> WHAT YOU WILL DO: Give back only the lines from the one with "isuzu elf-truck 2003" through the last line of the data, exactly as they appear.

> DATA PROVIDED:
• • • •

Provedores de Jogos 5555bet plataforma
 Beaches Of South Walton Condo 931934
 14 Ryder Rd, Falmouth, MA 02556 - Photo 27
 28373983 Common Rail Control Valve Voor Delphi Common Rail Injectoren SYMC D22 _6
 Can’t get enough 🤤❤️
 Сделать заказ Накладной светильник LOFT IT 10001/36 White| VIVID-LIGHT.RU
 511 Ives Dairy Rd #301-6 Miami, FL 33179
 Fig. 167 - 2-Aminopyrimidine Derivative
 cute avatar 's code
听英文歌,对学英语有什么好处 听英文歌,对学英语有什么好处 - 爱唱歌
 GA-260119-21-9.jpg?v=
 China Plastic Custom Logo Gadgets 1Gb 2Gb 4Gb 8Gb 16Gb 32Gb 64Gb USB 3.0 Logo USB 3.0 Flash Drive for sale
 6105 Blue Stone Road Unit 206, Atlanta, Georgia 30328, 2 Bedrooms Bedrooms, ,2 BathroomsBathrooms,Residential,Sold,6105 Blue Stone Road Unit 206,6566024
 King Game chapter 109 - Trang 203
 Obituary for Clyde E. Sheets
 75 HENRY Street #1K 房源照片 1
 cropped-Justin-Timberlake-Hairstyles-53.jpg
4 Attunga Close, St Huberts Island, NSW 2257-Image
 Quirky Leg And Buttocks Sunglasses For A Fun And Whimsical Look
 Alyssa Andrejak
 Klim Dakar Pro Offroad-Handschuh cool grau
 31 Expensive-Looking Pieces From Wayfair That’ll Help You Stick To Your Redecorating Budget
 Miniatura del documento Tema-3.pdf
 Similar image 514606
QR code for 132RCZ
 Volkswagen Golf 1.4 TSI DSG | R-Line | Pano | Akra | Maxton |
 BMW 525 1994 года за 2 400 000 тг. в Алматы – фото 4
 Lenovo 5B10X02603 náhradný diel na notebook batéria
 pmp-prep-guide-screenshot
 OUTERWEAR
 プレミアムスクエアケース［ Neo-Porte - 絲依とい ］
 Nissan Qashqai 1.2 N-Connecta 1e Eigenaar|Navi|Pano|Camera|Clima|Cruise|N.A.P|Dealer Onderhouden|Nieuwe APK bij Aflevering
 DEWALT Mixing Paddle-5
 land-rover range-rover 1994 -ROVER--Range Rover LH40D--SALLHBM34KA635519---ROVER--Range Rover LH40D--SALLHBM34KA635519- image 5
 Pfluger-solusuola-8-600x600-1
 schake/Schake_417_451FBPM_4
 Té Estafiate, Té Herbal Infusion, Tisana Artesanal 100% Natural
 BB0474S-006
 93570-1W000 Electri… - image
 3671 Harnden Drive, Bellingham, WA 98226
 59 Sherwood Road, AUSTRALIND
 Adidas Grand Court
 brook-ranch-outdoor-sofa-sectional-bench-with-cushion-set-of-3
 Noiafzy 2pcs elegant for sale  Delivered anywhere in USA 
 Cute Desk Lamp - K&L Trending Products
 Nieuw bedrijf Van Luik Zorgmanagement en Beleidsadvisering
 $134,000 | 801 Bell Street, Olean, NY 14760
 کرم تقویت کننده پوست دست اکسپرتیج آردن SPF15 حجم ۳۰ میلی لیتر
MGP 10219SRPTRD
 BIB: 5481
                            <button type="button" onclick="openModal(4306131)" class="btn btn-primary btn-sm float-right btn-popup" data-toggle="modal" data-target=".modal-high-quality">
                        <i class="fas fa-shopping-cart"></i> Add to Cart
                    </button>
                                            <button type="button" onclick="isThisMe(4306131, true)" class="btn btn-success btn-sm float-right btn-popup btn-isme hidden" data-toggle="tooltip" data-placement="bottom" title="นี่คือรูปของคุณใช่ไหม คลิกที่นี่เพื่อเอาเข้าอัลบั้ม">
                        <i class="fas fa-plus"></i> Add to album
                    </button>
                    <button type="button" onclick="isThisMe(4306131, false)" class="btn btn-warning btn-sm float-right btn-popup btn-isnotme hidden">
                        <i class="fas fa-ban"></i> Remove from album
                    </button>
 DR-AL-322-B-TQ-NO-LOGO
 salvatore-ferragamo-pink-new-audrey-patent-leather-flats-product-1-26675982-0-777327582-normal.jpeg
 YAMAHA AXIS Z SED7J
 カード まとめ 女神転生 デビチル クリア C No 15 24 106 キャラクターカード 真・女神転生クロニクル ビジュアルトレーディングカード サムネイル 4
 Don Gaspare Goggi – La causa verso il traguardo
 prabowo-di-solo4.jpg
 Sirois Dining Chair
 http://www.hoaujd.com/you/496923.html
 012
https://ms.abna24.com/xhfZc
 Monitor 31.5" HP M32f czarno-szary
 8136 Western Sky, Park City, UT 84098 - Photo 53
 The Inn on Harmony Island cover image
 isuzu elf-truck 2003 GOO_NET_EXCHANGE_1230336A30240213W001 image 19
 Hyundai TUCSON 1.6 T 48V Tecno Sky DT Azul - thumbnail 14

• • • •

> ANSWER FOR THIS EXERCISE:
 isuzu elf-truck 2003 GOO_NET_EXCHANGE_1230336A30240213W001 image 19
 Hyundai TUCSON 1.6 T 48V Tecno Sky DT Azul - thumbnail 14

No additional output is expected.